On 15 November, CAAF heard oral argument in United States v. Moran, No. 06-0207/AF. The granted issue in Moran was “whether Appellant’s substantial rights were materially prejudiced when prosecution witnesses and trial counsel commented on Appellant’s request for an attorney and Appellant’s refusal to give consent for a search and seizure of his hair and blood.” United States v. Moran, 64 M.J. 80 (C.A.A.F. 2006) (order) (capitalization changed to make it readable). CAAF apparently enjoyed the argument so much that the judges are inviting counsel back to do it a second time. Of course, this time there will be two new faces at the party.

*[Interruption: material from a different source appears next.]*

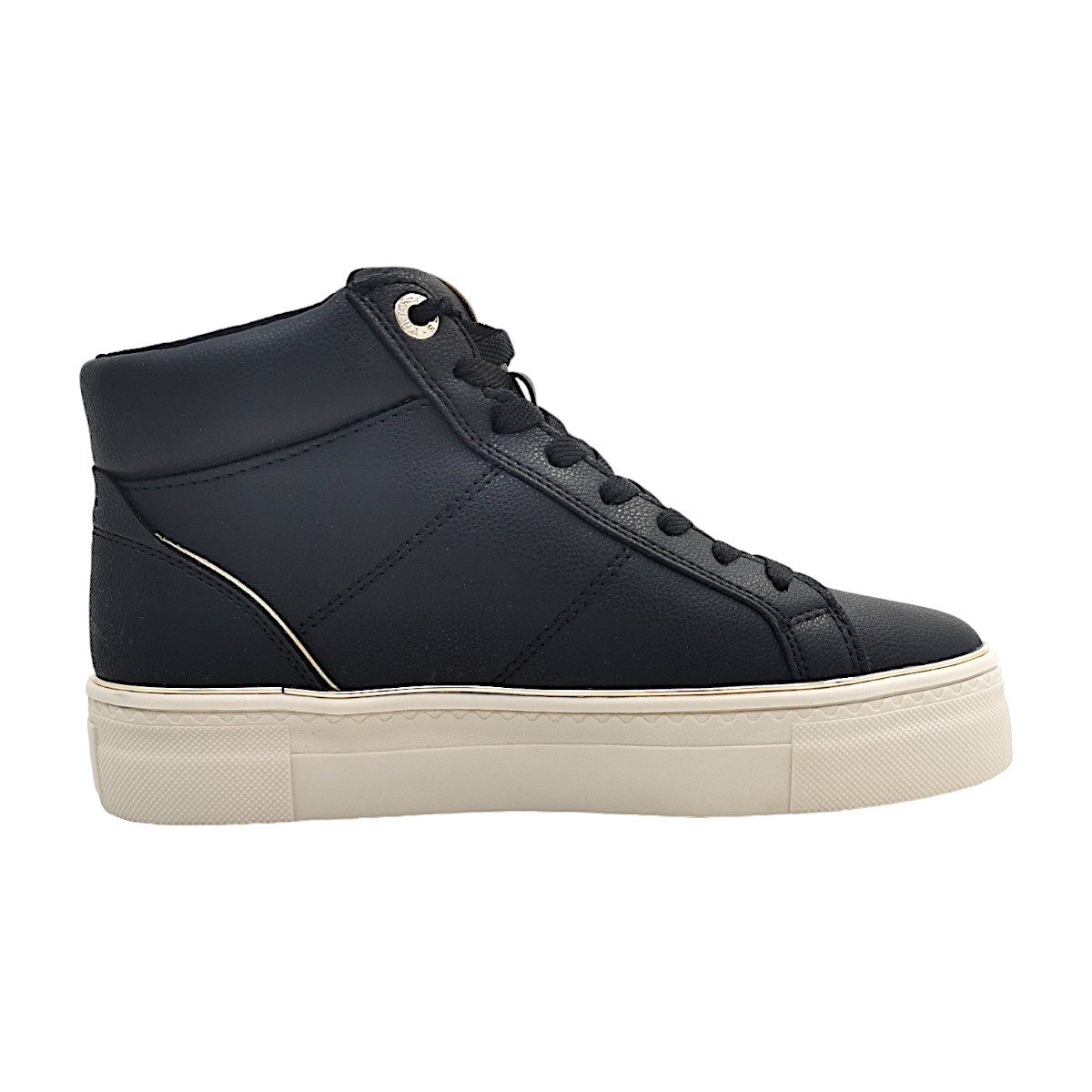 Tamaris Stiefelette Stiefelette günstig online kaufen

In an order dated Wednesday and posted on the CAAF web site today (like most of us, CAAF seems to be slipping a bit on its New Year’s resolution), CAAF announced that “additional briefing and oral argument are necessary.” Much like Linda Richman offering a topic for discussion while she’s verklempt [score: CAAFlog Linda Richman metaphors — 3; CAAFlog figure skating metaphors — 1], CAAF ordered the parties to address two additional issues:
I. The Uniform Code of Military Justice is neither uniform nor in code. Discuss.
II. The Judge Advocate General of the Navy is neither a judge nor a general. Discuss.
No, I’m making that up. Here are the two new issues:
Whether evidence reflecting the accused’s exercise of constitutional rights was admissible as part of the background sequence or chronology of events leading to the seizure or discovery of otherwise admissible evidence.
If evidence of the accused’s exercise of his constitutional rights was admissible for purposes of establishing background sequence or chronology without objection, was it plain error if no instruction was given advising members that the evidence could not be considered as evidence of guilt or criminal conduct[?]
United States v. Moran, __ M.J. ___, No. 06-0207/AF (C.A.A.F. Jan. 10, 2007) (order) (capitalization again changed to make it readable).
The original issue and the two new issues will all be argued together, probably later this term to fill out CAAF’s rather thin docket.